Так, Г.Зиммель, видный представитель философии жизни, исследовал соотношение реальной человеческой действительности, с одной стороны, и нравственного закона, или долженствования, с другой. Прежде наиболее авторитетной считалась точка зрения Канта, согласно которой нравственный закон обладает трансцендентальным и, следовательно, безусловным, всеобщим характером (нравственный императив). Зиммель, опираясь на целостность такого феномена как жизнь, радикально переосмысливает механизм названного взаимодействия. Для начала выпишем несколько цитат из работы "Индивидуальный закон: К истолкованию принципа этики".

"Жизнь протекает как действительность и долженствование не жизнь и долженствование противостоят друг другу, но действительность и долженствование, оба, однако, на основе жизни" [131, c. 221]. "Всякое долженствование есть функция соответствующей целостной жизни индивидуальной личности" [там же, с. 226]. "Согласно принципу, что каждый поступок есть продукт целого человека, отдельное действие нравственно определяется здесь именно всем человеком в целом, – не действительным, а должным человеком, который, так же как и действительный, дан вместе с индивидуальной жизнью" [там же, с. 223]. "Только долженствование и действительность, – но оба в качестве форм жизни – образуют коррелятивную противоположность, а не долженствование и жизнь" [там же, с. 237].

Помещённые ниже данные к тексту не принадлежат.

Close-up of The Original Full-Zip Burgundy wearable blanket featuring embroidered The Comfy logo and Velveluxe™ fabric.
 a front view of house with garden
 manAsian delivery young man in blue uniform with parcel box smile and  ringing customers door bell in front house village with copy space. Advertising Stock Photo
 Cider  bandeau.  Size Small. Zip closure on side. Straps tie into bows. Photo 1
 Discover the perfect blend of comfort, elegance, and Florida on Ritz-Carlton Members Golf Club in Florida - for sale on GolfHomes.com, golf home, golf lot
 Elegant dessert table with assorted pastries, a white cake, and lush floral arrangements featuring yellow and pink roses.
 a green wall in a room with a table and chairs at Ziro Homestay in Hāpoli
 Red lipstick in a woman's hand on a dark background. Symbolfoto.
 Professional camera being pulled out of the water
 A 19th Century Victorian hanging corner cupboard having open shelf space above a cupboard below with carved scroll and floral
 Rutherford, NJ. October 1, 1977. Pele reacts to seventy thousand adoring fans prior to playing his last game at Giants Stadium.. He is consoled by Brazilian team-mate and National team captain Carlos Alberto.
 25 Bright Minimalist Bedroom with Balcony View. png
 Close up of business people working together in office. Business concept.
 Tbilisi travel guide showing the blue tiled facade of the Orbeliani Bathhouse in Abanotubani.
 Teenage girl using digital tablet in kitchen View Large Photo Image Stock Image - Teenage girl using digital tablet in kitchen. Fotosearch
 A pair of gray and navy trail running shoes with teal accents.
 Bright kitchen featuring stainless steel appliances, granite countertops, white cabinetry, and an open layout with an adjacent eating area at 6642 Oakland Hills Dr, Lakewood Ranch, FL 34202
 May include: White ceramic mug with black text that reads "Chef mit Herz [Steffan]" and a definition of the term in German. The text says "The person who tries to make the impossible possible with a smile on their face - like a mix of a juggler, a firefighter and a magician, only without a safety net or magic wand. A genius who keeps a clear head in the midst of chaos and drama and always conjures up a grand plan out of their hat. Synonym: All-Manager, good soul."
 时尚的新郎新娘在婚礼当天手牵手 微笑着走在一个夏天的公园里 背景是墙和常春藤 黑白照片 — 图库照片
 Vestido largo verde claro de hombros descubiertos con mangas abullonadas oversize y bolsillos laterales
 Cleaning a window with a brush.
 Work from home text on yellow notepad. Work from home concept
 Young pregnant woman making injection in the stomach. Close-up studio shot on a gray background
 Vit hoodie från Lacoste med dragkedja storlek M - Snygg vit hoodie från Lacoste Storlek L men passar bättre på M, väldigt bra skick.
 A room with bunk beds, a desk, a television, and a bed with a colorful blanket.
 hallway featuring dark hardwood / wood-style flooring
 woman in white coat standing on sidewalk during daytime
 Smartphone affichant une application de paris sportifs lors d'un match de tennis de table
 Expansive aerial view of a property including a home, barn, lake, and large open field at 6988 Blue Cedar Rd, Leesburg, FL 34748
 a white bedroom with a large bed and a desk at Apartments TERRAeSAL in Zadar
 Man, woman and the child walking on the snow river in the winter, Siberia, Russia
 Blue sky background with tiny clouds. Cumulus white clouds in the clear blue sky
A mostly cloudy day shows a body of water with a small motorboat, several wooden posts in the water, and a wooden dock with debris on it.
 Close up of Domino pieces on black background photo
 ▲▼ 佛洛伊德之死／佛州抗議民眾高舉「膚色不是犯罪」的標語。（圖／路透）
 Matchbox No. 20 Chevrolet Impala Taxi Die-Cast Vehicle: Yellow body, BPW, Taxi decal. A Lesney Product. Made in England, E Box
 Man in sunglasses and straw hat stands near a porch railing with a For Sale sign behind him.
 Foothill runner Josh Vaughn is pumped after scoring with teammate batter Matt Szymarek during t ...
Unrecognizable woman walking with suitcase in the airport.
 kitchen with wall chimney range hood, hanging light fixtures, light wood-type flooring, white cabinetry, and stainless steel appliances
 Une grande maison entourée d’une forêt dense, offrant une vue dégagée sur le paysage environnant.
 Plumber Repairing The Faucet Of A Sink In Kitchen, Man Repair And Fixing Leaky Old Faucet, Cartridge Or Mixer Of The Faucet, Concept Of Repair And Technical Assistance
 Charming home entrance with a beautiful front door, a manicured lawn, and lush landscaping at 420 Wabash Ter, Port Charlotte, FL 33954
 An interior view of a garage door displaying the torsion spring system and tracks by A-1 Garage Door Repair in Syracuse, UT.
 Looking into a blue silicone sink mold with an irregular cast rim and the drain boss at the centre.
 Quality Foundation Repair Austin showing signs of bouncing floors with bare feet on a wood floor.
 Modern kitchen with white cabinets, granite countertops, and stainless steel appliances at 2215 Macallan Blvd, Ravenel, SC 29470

Если в этих пропозициях вместо специальных этических понятий подставить комплементарные политологические: нравственное долженствование заменить простейшим логическим (вполне освоенным и признанным современными массами в степени заведомо большей, чем нравственные нормы), а индивидуальную личность – коллективным политическим актором, т.е. образованным населением, – я готов, не колеблясь, подписаться под каждым из утверждений. Жизнь социумов берется тогда как целое, включающее в себя действительность, с одной стороны, и рациональное долженствование, с другой. Рациональное долженствование, прежде всего в элементарно-математической ипостаси, и созидаемая массами политическая реальность и/или ее восприятие, оценка (не сбрасывать со счетов и виртуализацию упомянутой реальности в условиях тотальных масс-медиа!) не противостоят друг другу, но являются двумя неразрывными функциями целостной жизни народов. При этом если универсальный нравственный закон руководит индивидуальным и коллективным субъектом лишь постольку-поскольку (последний зачастую подпадает под очарование различного рода партийной этики, конъюнктурно истолкованной классовой, национальной, конфессиональной и т.п. либо же вовсе закрывает глаза на далекие от насущных потребностей нравственные сентенции), то от признания истин наподобие 2 x 2 = 4 в массе не отказывается никто и никогда. То есть сказанное Георгом Зиммелем о нравственности и индивиде многократно вернее по отношению к рациональности и современным народам. Атрибут элементарной рациональности, перефразируя Зиммеля, ни в коей мере не противоречит тому, что мы рассматриваем "одушевленные" системы. Помимо одушевленности, они обладают и отлично тренированной разумной способностью.